Before ESQUIROZ, ROBINSON, FIERRO, JJ.

Opinion:
OPINION OF THE COURT
PER CURIAM
We reverse the trial court's order entering summary judgment in favor of appellee and against appellant individually because we agree with the appellant's position that the failure of a corporation to comply with the fictitious name law does not necessarily result in the imposition of personal liability on a corporate officer for obligations entered into in the corporate name. This proposition holds true even where the words "corporation," "company," "incorporated," or such other term as would clearly indicate corporate status, do not follow or qualify the corporate name used in the transaction, and where the corporate name has not been registered as a fictitious name without such descriptive word.
It is true that Florida Statutes Section 607.024 (1989) requires that a corporate name shall contain the word "corporation," "company," or "incorporated," or such other word, abbreviation, affix, prefix or suffix as will "clearly indicate" that it is a corporation as opposed to a natural person or partnership. § 607.024(1), Fla. Stat. (1989). But subsection (9) of Florida Statutes Section 865.09 (1989), which has been effective since June 5, 1985, clearly spells out the penalties for non-compliance with the fictitious name registration requirements, and personal liability is not one of them. The statute provides:
(a) If a business fails to comply with this section, the business, its members, and those interested in doing such business may not maintain any action, suit, or proceeding in any court of this state until this section is complied with. An action, suit, or proceeding may not be maintained in any court of this state by any successor or assignee of such business on any right, claim, or demand arising out of the transaction of business by such business in this state until this section has been complied with.
(b) The failure of a business to comply with this section does not impair the validity of any contract, deed, mortgage, security interest, lien, or act of such business and does not prevent such business from defending any action, suit, or proceeding in any court of this state. However, a party aggrieved by a non-complying business may be awarded reasonable attorney's fees and court costs necessitated by the non-complying business.

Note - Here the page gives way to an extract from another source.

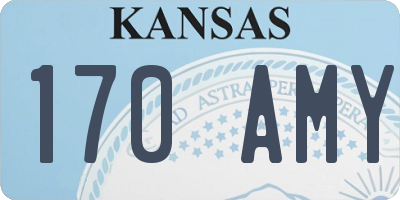 KS license plate 170AMY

(c) Any person who fails to comply with this section commits a misdemeanor of the second degree, punishable as provided in § 775.082 or § 775.083.
§ 865.09(9), Fla. Stat. (1989) (emphasis added).
Moreover, our own independent research has failed to disclose any Florida decisional law holding that personal liability attaches upon a business' failure to comply with the fictitious name law.
Rather, we perceive the true issue in this case to be whether appellant Julie Cooper sufficiently disclosed the identity of her principal so as to thereby avoid any personal liability that might result to her on account of such non-disclosure. Where a person enters into a contract as agent for an undisclosed principal, or for a partially disclosed principal, he or she may be held individually liable on the contract. See Robinson & St. John Advertising and Public Relations, Inc. v Lane, 557 So.2d 908, 910 (Fla. 1st DCA 1990); Van D. Costas, Inc. v Rosenberg, 432 So.2d 656 (Fla. 2d DCA 1983). Thus, in order for an agent to avoid personal liability on a contract negotiated in the principal's behalf, he must disclose not only that he is an agent but also the identity of his principal. Robinson & St. John Advertising and Public Relations, Inc. v Lane, supra, 557 So.2d at 910; Van D. Costas, Inc. v Rosenberg, supra, 432 So.2d at 658. Ordinarily, the use of a tradename is not necessarily a sufficient disclosure of the identity of the principal so as to eliminate the liability of the agent. Id., citing 3 Am.Jur.2d Agency § 320 (1962). But if the contracting party knows the identity of the principal for whom the agent purports to act, the principal is deemed to be disclosed. Van D. Costas, Inc. v Rosenberg, supra, 432 So.2d at 659. A dispute concerning such knowledge presents an issue of fact. Van D. Costas, Inc. v Rosenberg, supra, at 659.
In the present case, the very documents upon which appellee has sued (a purchase order and an invoice for printing work), taken together with the affidavits filed by both parties, raise genuine issues of material fact in this regard, rendering summary judgment inappropriate. The appellee's invoice reads: "Sold to: Cooper Direct Response, 2539 S. Bayshore, Suite 227, Coconut Grove, FI. 33131." Likewise, the purchase order indicates that it is the purchase order of "Cooper Direct Response Marketing." Julie Cooper's name does not appear anywhere within these documents, neither one of which is issued in her name or signed by her.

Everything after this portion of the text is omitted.